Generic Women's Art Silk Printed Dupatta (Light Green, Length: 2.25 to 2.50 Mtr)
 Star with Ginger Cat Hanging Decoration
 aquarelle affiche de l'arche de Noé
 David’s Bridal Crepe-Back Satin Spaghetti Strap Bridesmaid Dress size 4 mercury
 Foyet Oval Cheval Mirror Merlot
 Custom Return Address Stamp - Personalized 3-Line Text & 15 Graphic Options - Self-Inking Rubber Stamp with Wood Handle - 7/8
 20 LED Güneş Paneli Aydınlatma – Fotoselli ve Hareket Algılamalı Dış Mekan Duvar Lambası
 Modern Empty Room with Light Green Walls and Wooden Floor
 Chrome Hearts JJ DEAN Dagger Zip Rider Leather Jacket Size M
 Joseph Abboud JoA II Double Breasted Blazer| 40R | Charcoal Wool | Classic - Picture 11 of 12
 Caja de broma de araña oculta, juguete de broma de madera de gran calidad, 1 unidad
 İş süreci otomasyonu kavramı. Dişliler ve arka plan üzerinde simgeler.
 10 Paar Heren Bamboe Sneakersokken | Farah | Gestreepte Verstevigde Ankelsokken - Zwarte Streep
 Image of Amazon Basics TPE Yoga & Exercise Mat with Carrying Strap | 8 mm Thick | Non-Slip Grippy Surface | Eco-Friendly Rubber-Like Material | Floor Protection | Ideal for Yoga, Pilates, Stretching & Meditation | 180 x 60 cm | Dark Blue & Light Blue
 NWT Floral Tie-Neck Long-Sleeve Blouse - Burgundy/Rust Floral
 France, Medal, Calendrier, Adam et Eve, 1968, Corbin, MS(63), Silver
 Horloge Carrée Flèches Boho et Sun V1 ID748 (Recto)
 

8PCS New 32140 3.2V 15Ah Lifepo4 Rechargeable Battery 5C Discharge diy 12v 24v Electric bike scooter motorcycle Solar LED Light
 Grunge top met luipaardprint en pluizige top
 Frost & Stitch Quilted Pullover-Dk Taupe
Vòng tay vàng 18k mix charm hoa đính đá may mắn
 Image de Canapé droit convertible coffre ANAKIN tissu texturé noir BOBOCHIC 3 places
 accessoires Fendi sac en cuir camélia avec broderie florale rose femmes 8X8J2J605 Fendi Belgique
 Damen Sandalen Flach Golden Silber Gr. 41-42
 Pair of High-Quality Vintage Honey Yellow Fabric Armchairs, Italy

=======

* What to do
Copy out, word for word, the part of the entries above that begins at the line with "10 Paar Heren" and ends at the line with "Horloge Carrée Flèches", including both.

* Result for this exercise
 10 Paar Heren Bamboe Sneakersokken | Farah | Gestreepte Verstevigde Ankelsokken - Zwarte Streep
 Image of Amazon Basics TPE Yoga & Exercise Mat with Carrying Strap | 8 mm Thick | Non-Slip Grippy Surface | Eco-Friendly Rubber-Like Material | Floor Protection | Ideal for Yoga, Pilates, Stretching & Meditation | 180 x 60 cm | Dark Blue & Light Blue
 NWT Floral Tie-Neck Long-Sleeve Blouse - Burgundy/Rust Floral
 France, Medal, Calendrier, Adam et Eve, 1968, Corbin, MS(63), Silver
 Horloge Carrée Flèches Boho et Sun V1 ID748 (Recto)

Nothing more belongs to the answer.